Question

What is the probability of getting a face card when a card is drawn from a pack of 52 cards
A). $${\displaystyle \frac{1}{13}}$$
B). $${\displaystyle \frac{2}{13}}$$
C). $${\displaystyle \frac{3}{13}}$$
D). $${\displaystyle \frac{1}{26}}$$

Answer 1

Hint: This problem is related to probability. In this we need to know the total numbers of cards and the total number of face cards. So that the ratio of total number of face cards to the total number of cards will be the probability. Also we should know what face cards are. They are the symbolized cards as J,Q,K in all four suites.

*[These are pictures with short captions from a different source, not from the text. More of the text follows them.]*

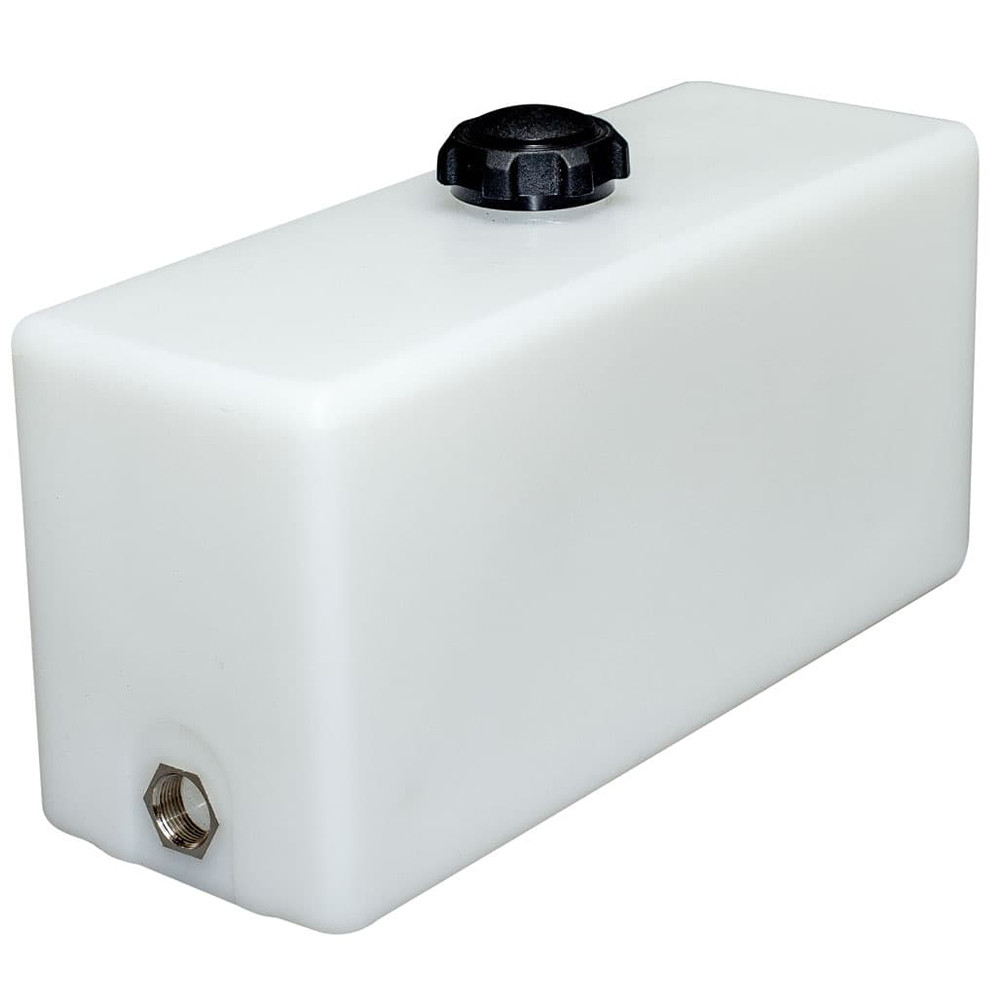 12 litre water tank made from translucent plastic with lid and outlet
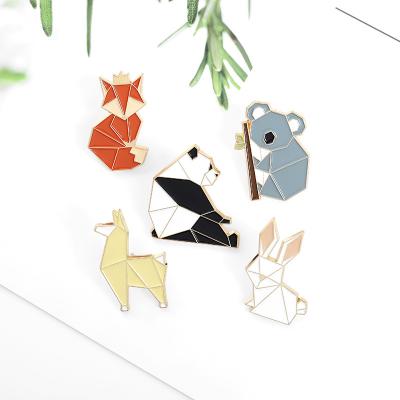 China wholesale Cute Cat Rabbit Alloy Brooch Cowboy Badge Bear Mouse Simple and Lovely Fox Brooch Nickel Free for sale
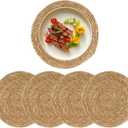 Round Woven Placemats Set of 4, 12" Boho Rattan Placemats Natural Hand-Woven Place Mats Table Decor, Chargers for Dinner Plates, Farmhouse Place Mats, Wicker Table Mats for Dining Table, Home
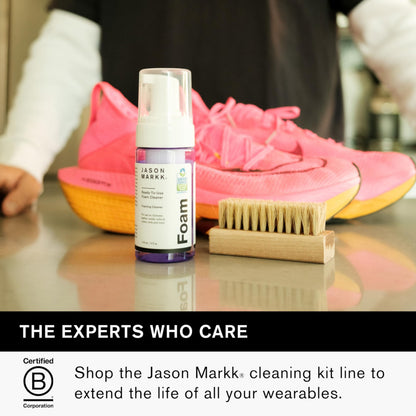 Jason Markk Quick Clean Kit, Shoe Cleaner, Trainers Care, 2-Piece Set, Ready-To-Use Foam & Delicates Brush, Ideal for Footwear, Safe for Leather, Suede, Nubuck, Cotton, Knits, 4oz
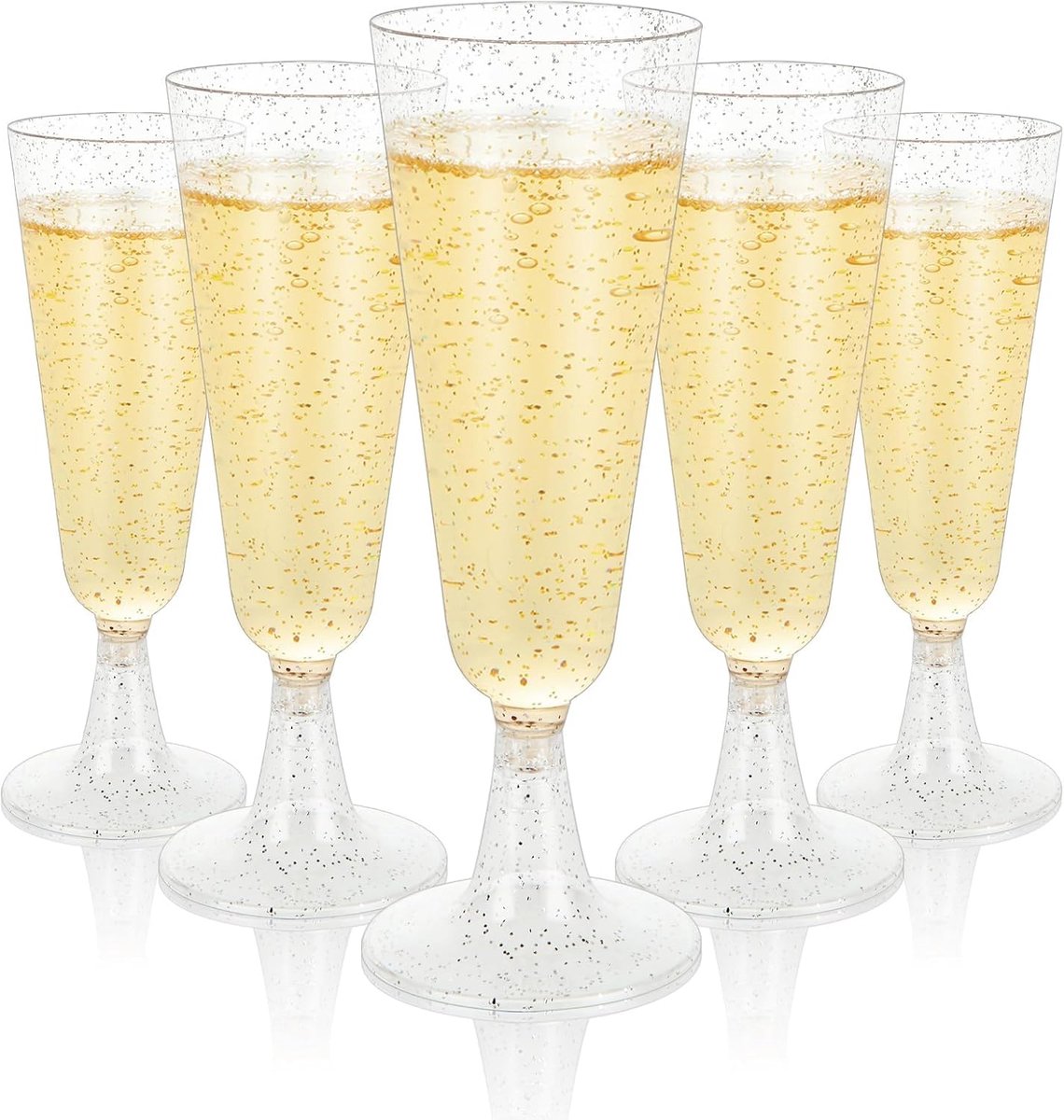 SnelShoppen - 100 Stuks Plastic Champagneglazen 160ml Herbruikbare Flûtes met Zilver Glitter voor Bruiloft Feest Kerst Oud en Nieuw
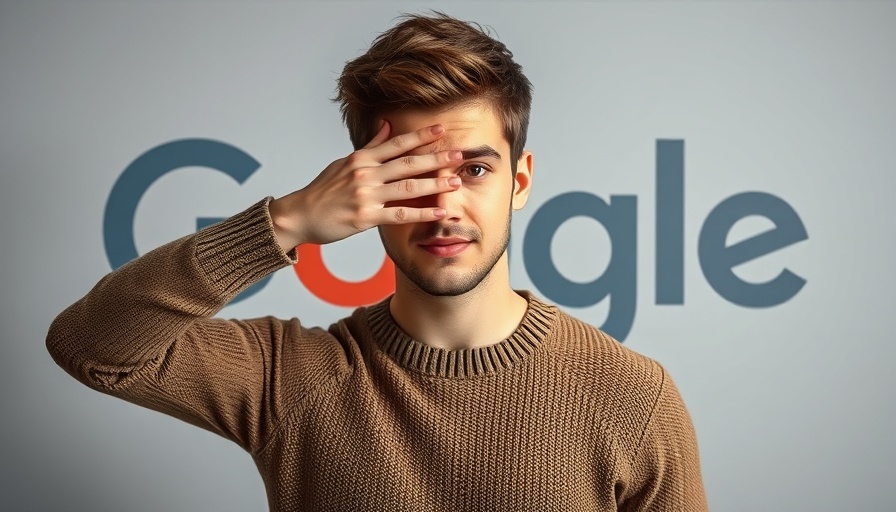 Young man covers one eye, standing in front of Google logo, highlighting local business marketing.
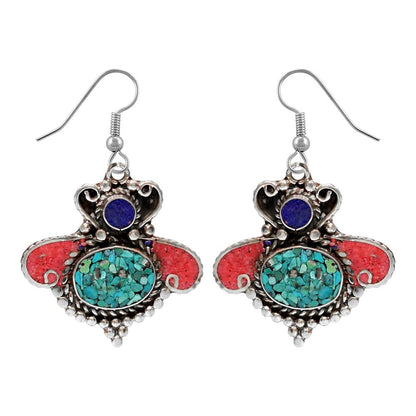 Compressed Turquoise Lapis Lazuli & Coral Inlay Handmade Ethnic Tribal Gypsy Dro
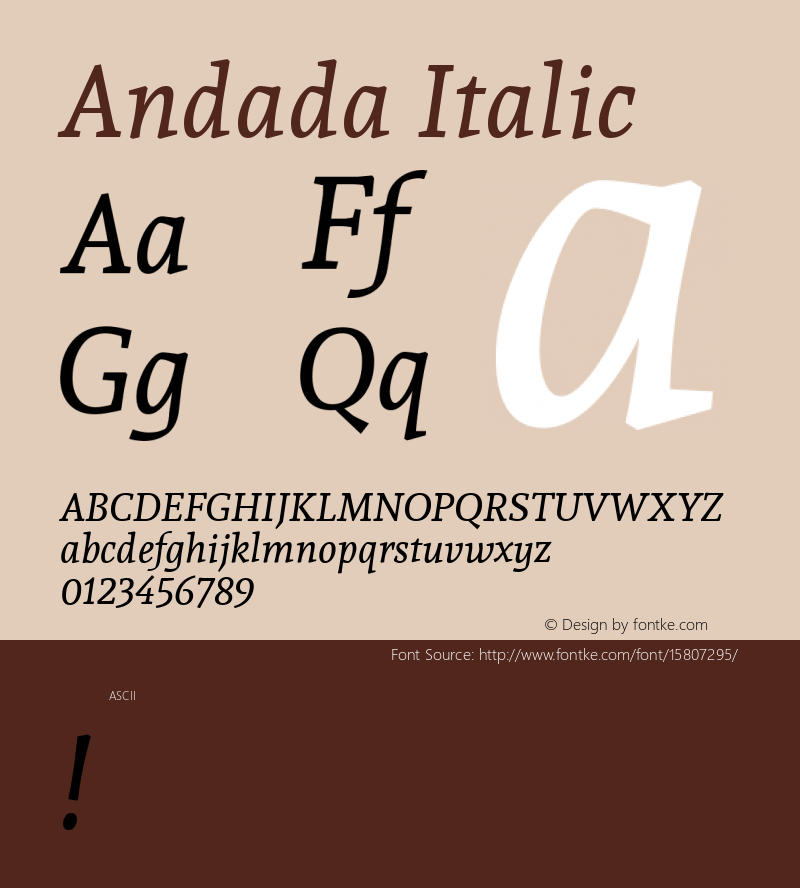 Andada Italic Version 1.003; ttfautohint (v1.4.1)图片样张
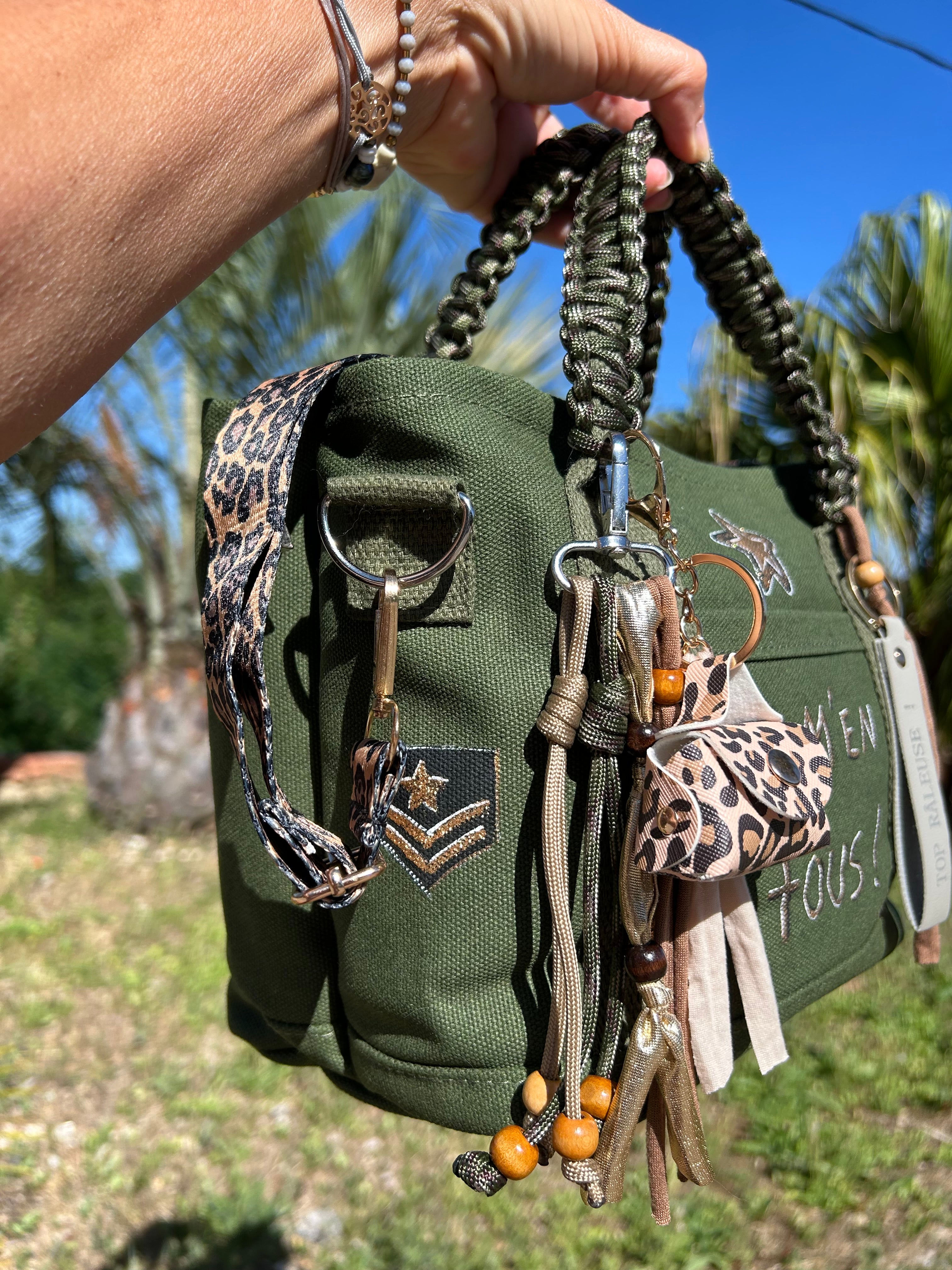 Sac Toile kaki JE M’EN FOUS
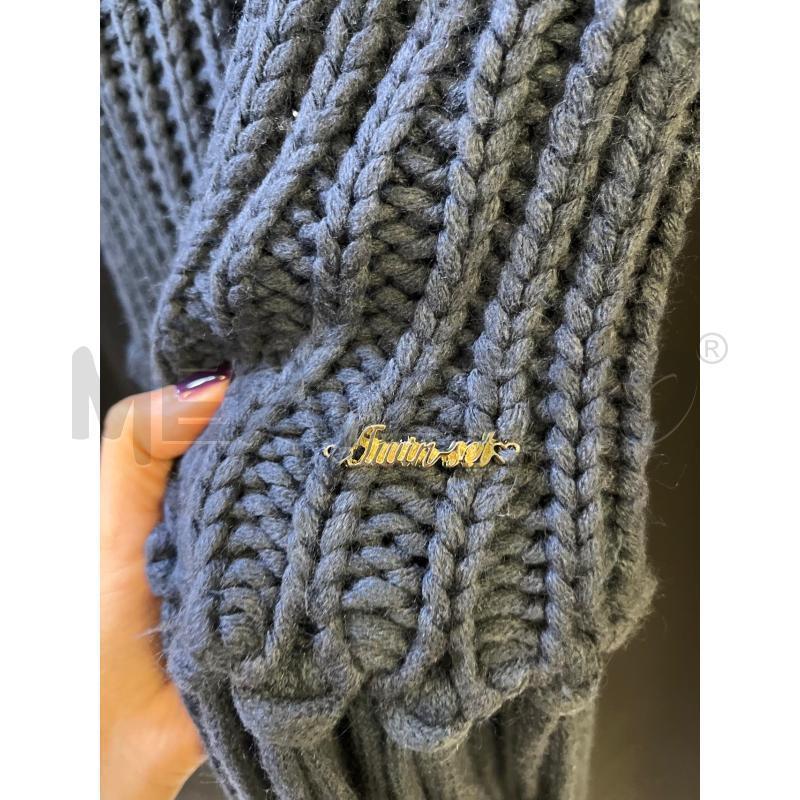 MANTELLA DONNA TWINSET BLU FRANGE SOTTO  | Mercatino dell'Usato Ciampino 4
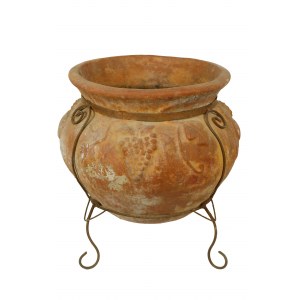 ORCIO BASSO IN TERRACOTTA CON TRIPODE IN FERRO BATTUTO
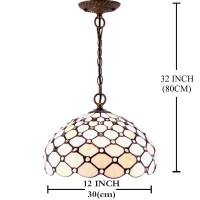 Werfactory Tiffany Pendant Light Fixture Cream Amber Bead Stained Glass Hanging Lamp Wide 12 Inch Height 32 Inch S005 Series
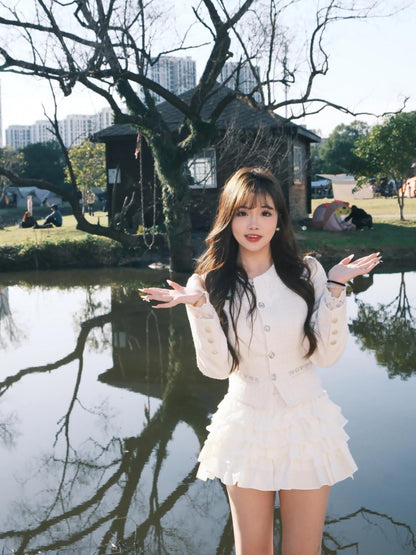 Stylish 2-Piece Set Jewel Neck Mini Skirt Elegant A-Line Long Sleeve Tiered Short Dress AP3984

Complete step-by-step solution:
Given that we have to find the probability of getting a face card from a pack of 52 cards.
Now we know that in a deck of 52 cards there are four suits.
Each suite has 13 cards. And in those 13 cards there are 3 face cards: jack(J), queen(Q) and king(K).
Thus there are 12 face cards in total.
Thus we can find the probability as,
$$P(E)={\displaystyle \frac{\text{Number of face cards}}{\text{Total number of cards}}}$$
Now we will write the numbers in the above cards as,
$$={\displaystyle \frac{12}{52}}$$
Thus on dividing we get,
$$={\displaystyle \frac{3}{13}}$$
Thus the probability of getting the face card is $${\displaystyle \frac{3}{13}}$$.

Note: Here note that, we are asked the probability of overall face cards in a deck of 52 cards. If we are asked to find the probability of face cards in a particular suite then that will be $${\displaystyle \frac{3}{13}}$$ because the face cards in a suite are 3 and the number of cards in a suite is 13.
Also note that a particular face card can also be asked. Like there are 4 J,Q,K in a deck. So the probability of a particular face card is $${\displaystyle \frac{1}{13}}$$.